Markov Chain Monte Carlo

Posted on August 8, 2016 )

Categories:

After learned variational inference and latent dirichlet allocation (LDA), I wrote a paper about Gaussian relational topic model to solve the problem of connection discovery using shared images. In order to continue solving more challenging problems and improving myself, I find it necessary to master Markov Chain Monte Carlo methods. Therefore, I put my hands on Gibbs sampling and Metropolis Hastings algorithm.

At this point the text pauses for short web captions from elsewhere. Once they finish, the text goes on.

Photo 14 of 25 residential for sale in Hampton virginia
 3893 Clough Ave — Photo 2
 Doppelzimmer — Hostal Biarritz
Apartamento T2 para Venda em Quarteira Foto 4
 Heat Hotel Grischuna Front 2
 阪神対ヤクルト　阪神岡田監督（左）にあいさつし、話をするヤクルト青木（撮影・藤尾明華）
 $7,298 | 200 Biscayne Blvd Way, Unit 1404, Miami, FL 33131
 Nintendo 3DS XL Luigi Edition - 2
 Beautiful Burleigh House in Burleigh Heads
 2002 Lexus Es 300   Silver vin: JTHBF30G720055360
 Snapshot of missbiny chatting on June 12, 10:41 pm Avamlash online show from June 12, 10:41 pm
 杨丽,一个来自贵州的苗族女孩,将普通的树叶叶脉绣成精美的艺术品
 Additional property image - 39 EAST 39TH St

Gibbs Sampling and Collapsed Gibbs Sampling

The basic idea is to sample each variable in turn, conditioned on the values of all the other variables:

$x_1^{s+1} \sim p(x_1|x_2^{s},x_3^{s}) \\ x_2^{s+1} \sim p(x_2|x_1^{s+1},x_3^{s}) \\ x_3^{s+1} \sim p(x_3|x_1^{s+1},x_2^{s+1}) \\$

The ideal of collapsed Gibbs sampling is to integrate out all possible model parameters analytically, such that the sampling space is minimum, dramatically decrease sampling time. An example of collapsed Gibbs sampling for fitting a GMM can be found in Murphy’s book, p. 844. The example code of collapsed Gibbs sampling solving Bayesian Gaussian mixture model can be found in here. The main logic of the collapsed Gibbs sampling is:

# Loop over iterations
for i_iter in range(n_iter):

    # Loop over data items
    for i in xrange(self.components.N):

        # Cache some old values for possible future use
        k_old = self.components.assignments[i]
        K_old = self.components.K
        stats_old = self.components.cache_component_stats(k_old)

        # Remove data vector `X[i]` from its current component
        self.components.del_item(i)

        # Compute log probability of `X[i]` belonging to each component
        # (24.26) in Murphy, p. 843
        log_prob_z = (
            np.ones(self.components.K_max)*np.log(
                float(self.alpha)/self.components.K_max + self.components.counts
                )
            )
        # (24.23) in Murphy, p. 842
        log_prob_z[:self.components.K] += self.components.log_post_pred(i)
        # Empty (unactive) components
        log_prob_z[self.components.K:] += self.components.log_prior(i)
        prob_z = np.exp(log_prob_z - logsumexp(log_prob_z))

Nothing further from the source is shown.